A few days ago another story about a rabbi’s inappropriate behaviour hit the news. And later the news are that his conversions are brought into doubt by the Israeli rabbinate. These statements were retracted soon afterwards, the conversions are kosher, case closed (Amanda Borschel-Dan: Freundel scandal highlights converts’ vulnerability).
Case closed? What must these converts be feeling? Not only do they have to deal with the thought that some pervert might have a video of them showering (if female, that is), in addition they must fear that their Jewish status is coming into question. In other words, they have been the victim of a pervert rabbi and the consequences are that their, the victims’, integrity is questioned??
And for all of you who say it’s just a formality, you do a quick gerut leChumra (conversion to remove any doubt) – it isn’t. This is no small matter. It may have all sorts of ramifications. What is your status in the meantime before you schedule the mikva date? What about children born between the conversion and now? Marriages? What if you just moved to another community and as they don’t know you they require you to go through the whole process again? What if in your (new) community there is no possibility to convert? And in the future, what if they ask you for your conversion certificate and the doubt will always fall back onto you?
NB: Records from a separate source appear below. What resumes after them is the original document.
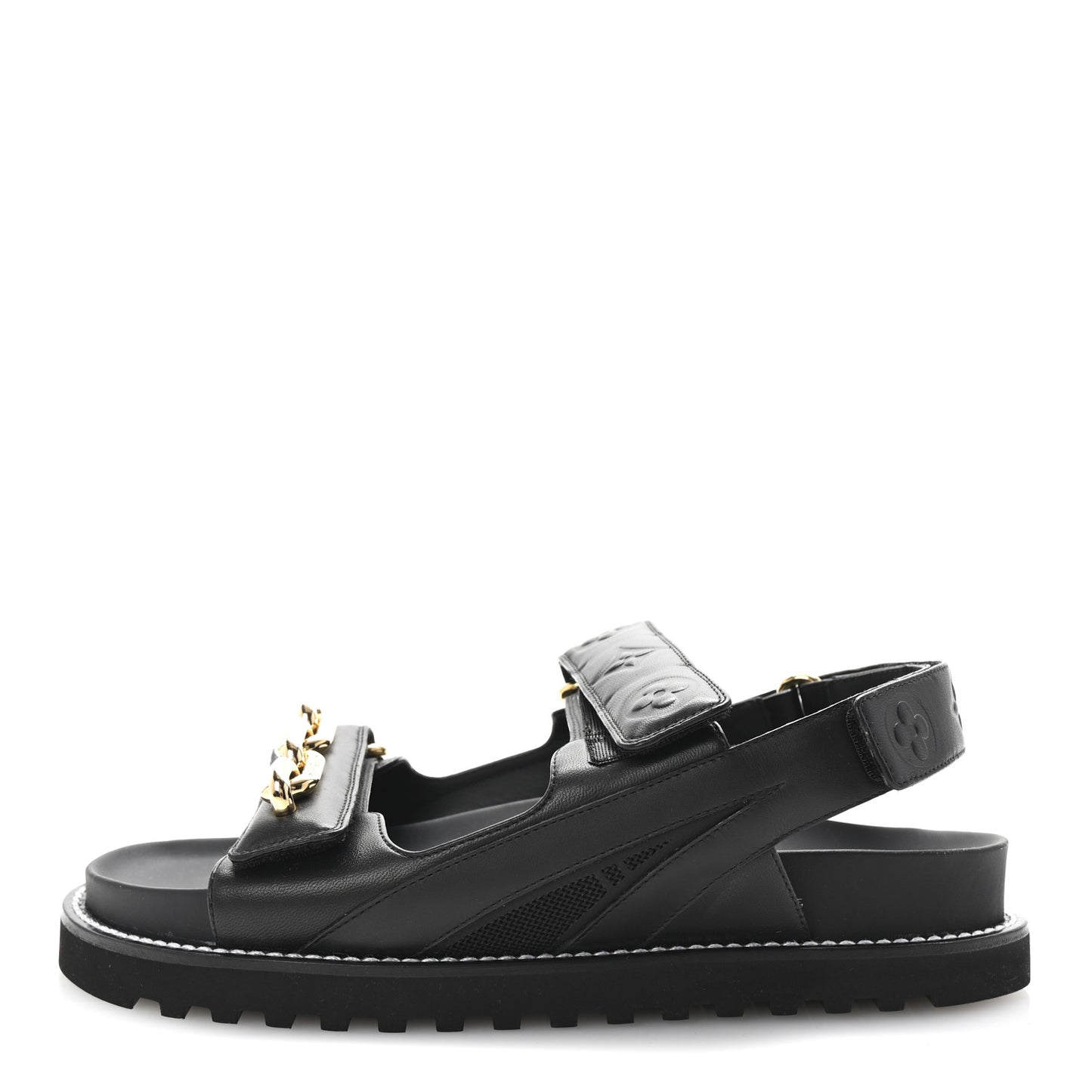 Lambskin Chain Link Paseo Flat Comfort Sandals 39 Black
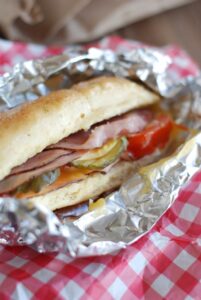 buttery bun piled with hot, melty cheese and deli meats - quick and delicious!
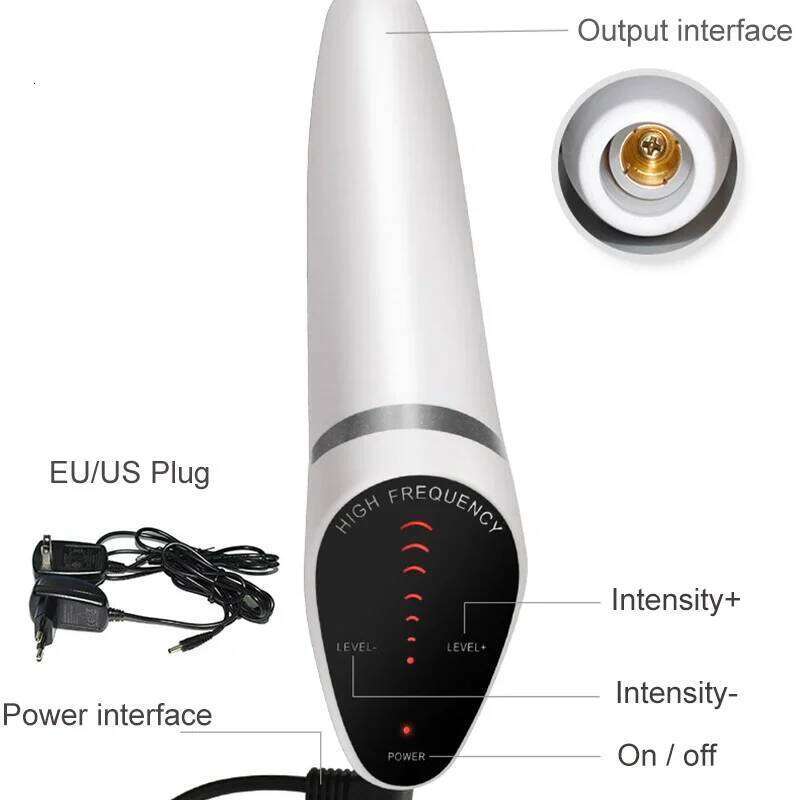 Newest High Frequency 6 in 1 Spark Electrodes Neon & Argon Skin Tightening Hair Follicle Beauty Wand hine Facial Care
All in addition to the psychological effects, questioning your identity, the feeling of insecurity that something like this may happen again at any given moment and you have absolutely no power to stop it. No matter your sincerity, your commitment, your adherence to halacha, your lifestyle and choices – it falls onto you. At any given moment, without you having any influence on when, why or how it affects you. Here’s a quote by Bethany S. Mandel from her bill of rights for Jewish converts about her fears:
10. We should not have to live in fear about the status of our conversions in perpetuity. I should not be afraid that the actions of a rabbi on my Beit Din could mean my conversion won’t be universally respected somewhere down the line. My first instinct hearing reports of Rabbi Freundel’s improprieties after shock was fear. Fear for my status, fear for what it would mean for my daughter and unborn child. I have lived an Orthodox Jewish life since the moment I emerged from the mikvah. I should not have to be afraid of how the actions of others who I have no control over (but who at one time yielded plenty of control over me) could affect myself or my children. I have no indication that my conversion is in any way jeopardized at this moment, and I have asked around plenty to ascertain if there is (I want to make that crystal clear for other Freundel converts). Yet, I live in the real world where I have seen this happen too many times already.
The validity of a conversion should never be doubted afterwards. Especially not only because some faults of the supervising rabbi (not fraud on the part of the candidate) have been discovered. I am glad that the rabbinate and the RCA re-affirmed the validity, but there should never have been a question in the first place.